Стоящие друг подле друга, эти вокзалы являли собою два полюса: один воскрешал классицизм, другой являл в камне модернизированную стилистику деревянного зодчества русского Севера. Два огромных здания, сквозь которые проходили нескончаемые потоки людей, словно бы сторонились, старались не замечать друг друга.

Новый вокзал должен был выразить то, чего были лишены два его предшественника, — он должен был стать истинным детищем Москвы, отразить лучшие ее черты.

Архитектор долго и мучительно искал, как выбраться «из ямы» Каланчевской площади, пока не придумал поместить главную доминанту ансамбля — башню — в самом низком месте. Тогда весь ансамбль прочитывался легко, как бы единым взором. Но какою в таком случае должна быть сама башня? Высокой и прекрасной, неповторимой и узнаваемой. Она должна заставлять всех, кто находится на площади, поднять голову к небу.

Алексей Викторович приглядывался к башням Московского Кремля, рисовал «фантазии» на тему каждой башни, отыскивая облик своей... Однако прообраз ее он нашел не в Москве, а в Казани. Это была башня царевны Сююмбеки.

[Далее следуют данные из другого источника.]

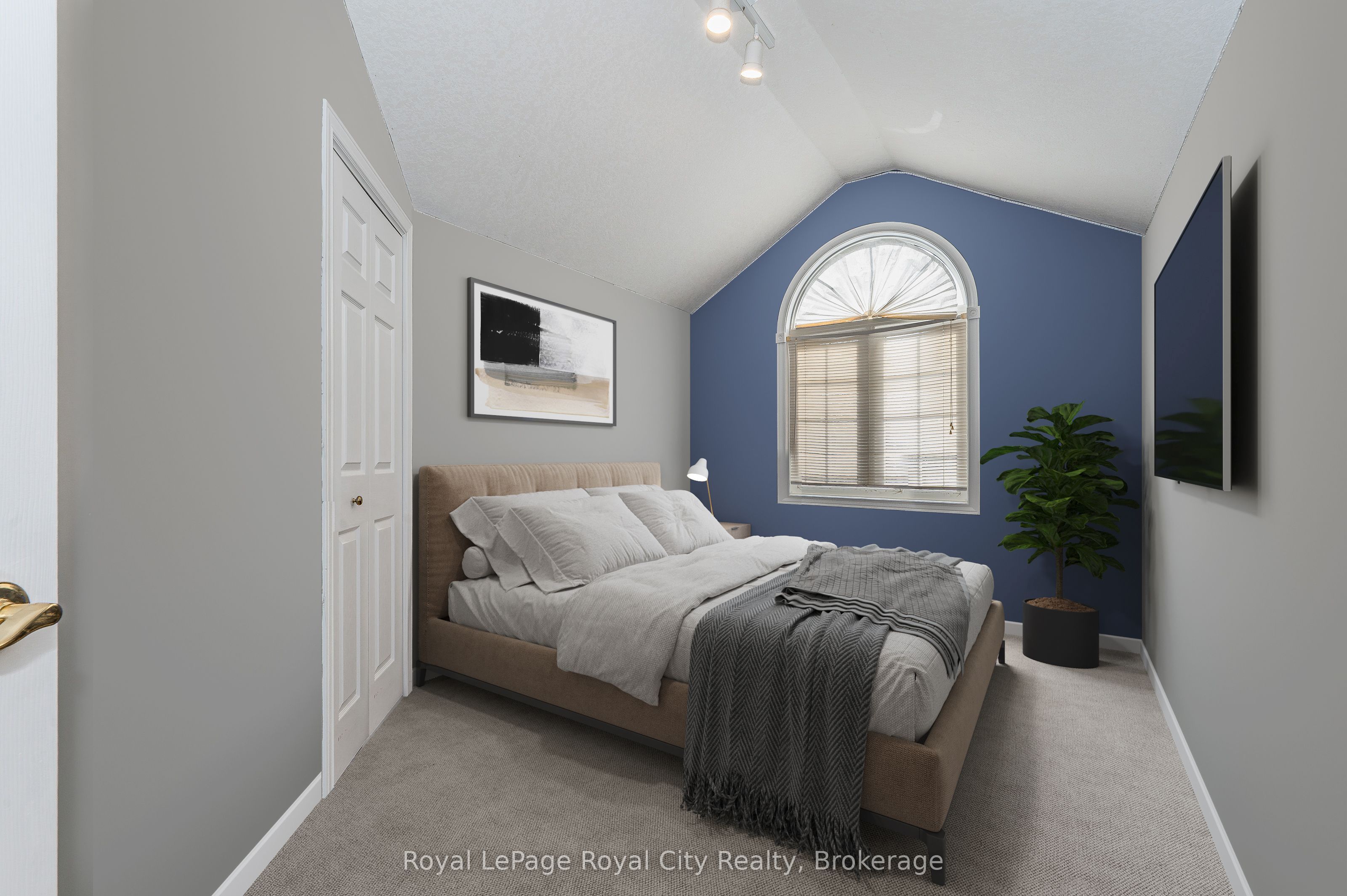 15 Camm Crescent Property Photo 10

Из многочисленных легенд о башне Сююмбеки Щусеву запала в душу одна —о любви татарской царевны к русскому мастеровому, который построил для нее самую прекрасную на земле башню. Очарованная красотою башни, отдала царевна мастеру свое сердце. Но недолгим было счастье влюбленных. Вернулся из похода грозный царь, узнал об избраннике своей дочери и погубил мастера... Не в силах забыть своего возлюбленного, бросилась царевна из окна. Лишь башня на волжском берегу хранит печальную память о влюбленных.


4

Сложное композиционное дробление ансамбля как бы связывало в замысловатую цепь череду ярких картин, объединенных цветовой гаммой. Богатое разнообразие пластических форм московского барокко придало ансамблю полноту звучания. Самым сильным аккордом в этой каменной симфонии стала мощная шестиярусная башня. Сохранилось немало рисунков, на которых Щусев изобразил золотого змия Зиланти — герб города Казани. Он искал и нашел нужный поворот аллегорической фигуры змия, который, сверкая золотой чешуей, должен был глядеть со шпиля башни.